Et ce n’est pas tout. Autre nouveauté, du moins non prévue dans l’avant dernier projet, si le Président de la République peut être destitué par les 2/3 du Parlement (Assemblée générale et le Haut conseil de la Nation réunis) pour violation de son serment, il peut en contrepartie, comme dans la constitution de 92, dissoudre l’Assemblée nationale après une année de législature. Le Président de République nomme et met aux fonctions du Premier ministre. Et contrairement à la constitution de 1992 et l’avant-projet initial, il n’aura pas, au préalable, besoin que ce dernier présente sa lettre de démission. Ainsi, une disposition pressentie comme source de blocage et de dysfonctionnement a été écarté pour de bon.

Et si le Président de la République ne peut être requis de témoigner, ni faire l’objet d’une action, d’un acte d’information, d’instruction ou de poursuite jusqu’à la fin de son mandat, il est pénalement responsable, devant les juridictions de droit commun, des crimes et délits commis en dehors de l’exercice de ses fonctions. Cependant, il reste un roi comme dans la constitution de 92. Il est en effet le Président du Conseil supérieur de la magistrature, exerce le droit de grâce, propose les lois d’amnistie et nomme aux emplois civils et militaires supérieurs. Il décrète l’État d’urgence et l’État de siège.  Et comme la constitution de 92, la nouvelle constitution, si elle est votée, a été également verrouillée, notamment la procédure devant aboutir à sa révision. Aucune révision ne peut en effet être engagée ou poursuivie lorsqu’il est porté atteinte à l’intégrité du territoire, la forme républicaine de l’Etat, la laïcité, le nombre de mandats du Président de la République et le multipartisme. L’initiative de cette révision appartient concurremment au Président de la République et aux membres du Parlement. Toutefois, le projet ou la proposition est adopté en termes identiques par les deux chambres du Parlement à la majorité des deux tiers de leurs membres. Et elle ne sera définitive qu’après avoir été approuvée par référendum.

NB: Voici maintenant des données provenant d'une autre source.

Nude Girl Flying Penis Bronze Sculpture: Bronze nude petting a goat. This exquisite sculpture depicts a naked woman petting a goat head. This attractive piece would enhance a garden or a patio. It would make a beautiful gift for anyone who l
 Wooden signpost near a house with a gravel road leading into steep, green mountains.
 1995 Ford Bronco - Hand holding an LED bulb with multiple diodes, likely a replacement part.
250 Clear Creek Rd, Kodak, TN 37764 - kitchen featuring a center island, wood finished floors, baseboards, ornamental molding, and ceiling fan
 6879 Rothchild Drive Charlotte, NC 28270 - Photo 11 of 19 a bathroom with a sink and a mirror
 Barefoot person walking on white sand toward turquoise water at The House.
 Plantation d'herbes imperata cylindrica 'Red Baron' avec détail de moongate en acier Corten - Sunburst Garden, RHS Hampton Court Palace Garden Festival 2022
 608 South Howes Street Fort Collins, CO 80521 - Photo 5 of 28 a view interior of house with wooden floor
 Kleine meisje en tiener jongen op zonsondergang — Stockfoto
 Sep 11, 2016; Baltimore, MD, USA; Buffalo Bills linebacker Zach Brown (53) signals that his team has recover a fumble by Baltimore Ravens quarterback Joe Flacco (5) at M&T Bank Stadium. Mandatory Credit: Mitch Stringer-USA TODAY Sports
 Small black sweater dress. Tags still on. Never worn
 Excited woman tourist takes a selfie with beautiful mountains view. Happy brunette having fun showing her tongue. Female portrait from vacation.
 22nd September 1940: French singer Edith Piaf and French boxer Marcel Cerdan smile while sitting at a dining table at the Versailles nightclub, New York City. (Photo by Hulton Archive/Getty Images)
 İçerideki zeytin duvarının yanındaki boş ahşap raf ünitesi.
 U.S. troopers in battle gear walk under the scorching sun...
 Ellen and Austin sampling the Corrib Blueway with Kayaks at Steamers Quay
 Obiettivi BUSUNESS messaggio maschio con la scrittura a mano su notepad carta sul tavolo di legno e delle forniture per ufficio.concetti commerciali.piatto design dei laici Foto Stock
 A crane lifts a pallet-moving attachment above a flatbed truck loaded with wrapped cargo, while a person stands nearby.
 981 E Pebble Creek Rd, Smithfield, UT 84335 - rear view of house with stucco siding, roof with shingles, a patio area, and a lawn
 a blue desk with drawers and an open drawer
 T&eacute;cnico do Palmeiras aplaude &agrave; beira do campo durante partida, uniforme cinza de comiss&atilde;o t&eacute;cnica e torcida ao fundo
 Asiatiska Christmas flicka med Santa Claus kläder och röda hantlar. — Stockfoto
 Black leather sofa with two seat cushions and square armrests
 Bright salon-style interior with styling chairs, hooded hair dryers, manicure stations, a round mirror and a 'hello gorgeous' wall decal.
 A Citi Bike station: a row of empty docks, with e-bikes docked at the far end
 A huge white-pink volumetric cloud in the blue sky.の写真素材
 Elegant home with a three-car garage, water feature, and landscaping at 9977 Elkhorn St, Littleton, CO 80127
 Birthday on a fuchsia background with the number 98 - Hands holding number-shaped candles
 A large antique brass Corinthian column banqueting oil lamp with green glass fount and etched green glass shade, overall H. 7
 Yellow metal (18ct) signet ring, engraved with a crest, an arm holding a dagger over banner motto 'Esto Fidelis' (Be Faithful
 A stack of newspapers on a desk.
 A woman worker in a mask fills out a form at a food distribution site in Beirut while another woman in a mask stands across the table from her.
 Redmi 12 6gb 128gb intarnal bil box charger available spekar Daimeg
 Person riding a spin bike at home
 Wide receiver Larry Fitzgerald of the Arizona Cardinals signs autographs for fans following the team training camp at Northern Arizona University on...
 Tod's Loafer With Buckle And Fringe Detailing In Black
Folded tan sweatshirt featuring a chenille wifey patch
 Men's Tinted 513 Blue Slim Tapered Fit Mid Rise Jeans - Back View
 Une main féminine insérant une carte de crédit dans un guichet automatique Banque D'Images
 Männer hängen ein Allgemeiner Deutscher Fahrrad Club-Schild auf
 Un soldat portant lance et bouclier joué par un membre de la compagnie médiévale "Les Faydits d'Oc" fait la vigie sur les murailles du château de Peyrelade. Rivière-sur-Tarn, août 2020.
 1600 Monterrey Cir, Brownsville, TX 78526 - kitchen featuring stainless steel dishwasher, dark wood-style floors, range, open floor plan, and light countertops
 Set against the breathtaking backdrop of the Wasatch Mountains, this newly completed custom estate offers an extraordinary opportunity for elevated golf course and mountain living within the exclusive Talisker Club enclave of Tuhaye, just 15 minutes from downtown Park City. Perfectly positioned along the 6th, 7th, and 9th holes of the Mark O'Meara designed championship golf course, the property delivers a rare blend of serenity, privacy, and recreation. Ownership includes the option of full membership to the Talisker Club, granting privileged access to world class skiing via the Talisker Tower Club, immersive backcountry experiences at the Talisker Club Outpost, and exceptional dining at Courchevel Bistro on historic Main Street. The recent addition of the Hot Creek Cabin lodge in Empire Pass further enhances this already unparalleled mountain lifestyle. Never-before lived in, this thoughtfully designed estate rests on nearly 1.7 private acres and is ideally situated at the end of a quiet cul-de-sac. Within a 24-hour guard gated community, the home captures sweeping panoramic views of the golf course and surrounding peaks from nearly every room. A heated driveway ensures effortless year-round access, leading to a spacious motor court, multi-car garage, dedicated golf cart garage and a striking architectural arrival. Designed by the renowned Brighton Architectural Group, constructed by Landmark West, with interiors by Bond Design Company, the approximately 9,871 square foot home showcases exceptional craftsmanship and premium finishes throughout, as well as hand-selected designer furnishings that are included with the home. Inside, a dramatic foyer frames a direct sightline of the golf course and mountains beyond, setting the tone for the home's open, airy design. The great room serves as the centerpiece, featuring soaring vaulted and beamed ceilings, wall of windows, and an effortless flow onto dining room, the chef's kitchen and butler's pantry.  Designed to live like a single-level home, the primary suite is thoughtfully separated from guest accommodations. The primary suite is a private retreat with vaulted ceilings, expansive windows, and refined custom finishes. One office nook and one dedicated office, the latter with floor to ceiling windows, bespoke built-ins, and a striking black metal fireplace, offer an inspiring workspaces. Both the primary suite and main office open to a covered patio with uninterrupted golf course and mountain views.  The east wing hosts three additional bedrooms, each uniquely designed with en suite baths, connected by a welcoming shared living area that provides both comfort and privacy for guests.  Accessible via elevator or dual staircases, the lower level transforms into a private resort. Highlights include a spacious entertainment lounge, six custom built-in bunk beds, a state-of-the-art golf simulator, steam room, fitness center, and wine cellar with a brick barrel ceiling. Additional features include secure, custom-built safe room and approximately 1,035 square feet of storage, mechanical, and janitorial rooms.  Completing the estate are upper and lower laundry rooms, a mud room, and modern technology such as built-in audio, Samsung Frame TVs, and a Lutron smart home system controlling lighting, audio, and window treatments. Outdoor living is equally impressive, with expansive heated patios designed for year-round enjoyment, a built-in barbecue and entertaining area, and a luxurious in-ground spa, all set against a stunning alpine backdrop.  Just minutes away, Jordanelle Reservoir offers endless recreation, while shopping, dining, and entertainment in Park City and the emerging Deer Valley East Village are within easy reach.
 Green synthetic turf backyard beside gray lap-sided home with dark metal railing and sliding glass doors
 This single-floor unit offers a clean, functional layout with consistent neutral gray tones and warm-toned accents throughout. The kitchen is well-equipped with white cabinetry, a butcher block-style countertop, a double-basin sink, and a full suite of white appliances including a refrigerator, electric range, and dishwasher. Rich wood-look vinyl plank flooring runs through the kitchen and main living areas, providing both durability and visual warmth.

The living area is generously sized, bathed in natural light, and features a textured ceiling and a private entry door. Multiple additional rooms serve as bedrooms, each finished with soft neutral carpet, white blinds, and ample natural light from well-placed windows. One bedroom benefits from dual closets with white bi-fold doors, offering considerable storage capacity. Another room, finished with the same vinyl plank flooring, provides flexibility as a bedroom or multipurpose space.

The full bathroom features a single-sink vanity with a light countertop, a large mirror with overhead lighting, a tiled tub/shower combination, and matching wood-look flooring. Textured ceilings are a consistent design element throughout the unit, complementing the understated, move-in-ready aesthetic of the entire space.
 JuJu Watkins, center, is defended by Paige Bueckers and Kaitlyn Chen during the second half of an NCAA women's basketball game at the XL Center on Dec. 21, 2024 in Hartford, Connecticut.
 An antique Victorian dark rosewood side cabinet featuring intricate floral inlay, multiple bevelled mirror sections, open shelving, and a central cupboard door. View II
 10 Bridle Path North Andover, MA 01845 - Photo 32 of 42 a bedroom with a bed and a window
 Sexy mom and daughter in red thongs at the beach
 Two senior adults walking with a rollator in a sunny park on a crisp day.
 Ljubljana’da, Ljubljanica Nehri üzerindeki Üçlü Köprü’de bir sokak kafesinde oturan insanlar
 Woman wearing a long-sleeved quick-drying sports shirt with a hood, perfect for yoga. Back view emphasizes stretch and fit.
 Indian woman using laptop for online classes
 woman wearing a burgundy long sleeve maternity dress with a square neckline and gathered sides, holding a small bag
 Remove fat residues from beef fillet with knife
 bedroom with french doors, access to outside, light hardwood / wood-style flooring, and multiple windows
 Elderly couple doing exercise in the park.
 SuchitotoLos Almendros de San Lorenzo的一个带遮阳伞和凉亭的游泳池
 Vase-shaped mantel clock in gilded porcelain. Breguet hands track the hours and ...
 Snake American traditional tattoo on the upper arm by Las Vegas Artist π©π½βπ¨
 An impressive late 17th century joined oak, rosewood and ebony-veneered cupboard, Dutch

Enfin, la nouvelle équipe de Fousseini Samaké a pris soin cette fois-ci de protéger les arrières du CNSP. En effet, tout en maintenant le caractère « crime imprescriptible du coup d’Etat ou putsch » l’avant-projet de constitution, vraisemblablement le dernier, précise en son article 188 que « les faits antérieurs à la promulgation de la présente Constitution couverts par des lois d’amnistie ne peuvent, en aucun cas, faire l’objet de poursuite, d’instruction ou de jugement ». Sauf que certains évènements, notamment le saccage des bâtiments étatiques, tels que l’Assemble nationale ou le Haut conseil des collectivités n’ont été amnistiés. Comme quoi les auteurs civils du coup de force de 2020 ne sont pas à l’abri d’éventuels ennuis judiciaires.